Enquanto a relação avança, Yazalde conquista ainda mais os adeptos do Sporting com uma série de golos. Ao todo, 12 na primeira volta. Mérito maiúsculo, um nas Antas (1-0) e outro na Luz (1-4). Quando o ano vira, o seu encanto desaparece. É comum acontecer isso aos sul-americanos, mais habituados ao ano civil (de Janeiro a Dezembro) do que propriamente a época desportiva europeia (de Setembro a Maio). Mesmo assim, Yazalde dá cartas na Taça de Portugal, com um bis em Leça (3-1) e um hat-trick ao Torres Novas em Alvalade (5-0). Na final, é seu o momentâneo 2-0 sobre o Vitória FC, no Jamor.
O Sporting levanta a Taça de Portugal e Yazalde viaja para umas merecidas férias. “Levou-me à Argentina para conhecer o país e eu fui, tranquila da vida. A ideia era conhecer e viajar. Às tantas, pedem-me para fazer anúncios televisivos para uma marca de cigarros. Comecei a gostar daquela movida, no país do Chirola. Quando voltei a Portugal, já estava casada. O Chirola tratou de toda a papelada desde a Argentina. Casámo-nos a 16 Julho 1973.” Agarre-se bem, muito bem, porque Yazalde vai meter o turbo a partir daqui e pulveriza recordes, alguns inéditos (primeiro sportinguista a ganhar a Bota de Ouro, em 1974), outros imbatíveis (46 golos num só campeonato, nem Jardel). É o fungagá da bicharada. Insistimos na ideia, 46 golos em 29 jogos na 1.ª divisão.
Eis o seu registo assombroso: Boavista (2), Leixões (2), Belenenses (1), Oriental (4), Farense (2), CUF (1), Montijo (6), V. Guimarães (0), Benfica (0), Beira-Mar (1), Académica (2), Olhanense (2), Barreirense (3), V. Setúbal (1), Boavista (0), Leixões (1), Belenenses (0), Oriental (5), Farense (1), CUF (3), Montijo (1), FC Porto (0), V. Guimarães (0), Benfica (2), Beira-Mar (1), Académica (1), Olhanense (2), Barreirense (1). Seis ao Montijo? Cinco ao Oriental? Que craque, bolas. Naturalmente, é o melhor marcador da Europa e é o primeiro argentino a conquistar a Bota de Ouro. O segundo, espante-se, é Messi.

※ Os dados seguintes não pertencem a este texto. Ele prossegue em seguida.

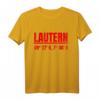 Lautern für Stadt Kaiserslautern Pfälzisch mit Koordinaten T-Shirt – Perfektes Geschenk für Lautrer und Pfälzer zum Geburtstag, Weihnachten und mehr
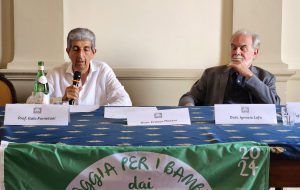 Bandiera Verde: la tavola rotonda dei pediatri apre la settimana di eventi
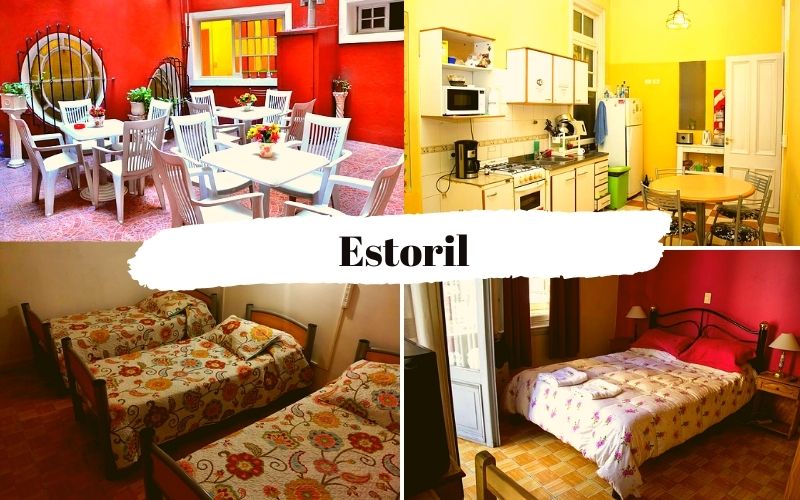 Hostel Estoril em Buenos Aires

Como se isso fosse pouco, o de juntar os títulos de melhor marcador da 1.ª divisão e da Europa com os do Sporting (campeonato + Taça = dobradinha), a vida de Yazalde ganha uma nova dimensão com a convocatória rumo ao Mundial-74, na RFA. É ele o primeiro estrangeiro de uma equipa portuguesa a participar num Mundial. E é também ele o primeiro estrangeiro de uma equipa portuguesa a marcar num Mundial. Ainda por cima, aos pares – que o diga o Haiti (4-1). É um fartote, nunca visto.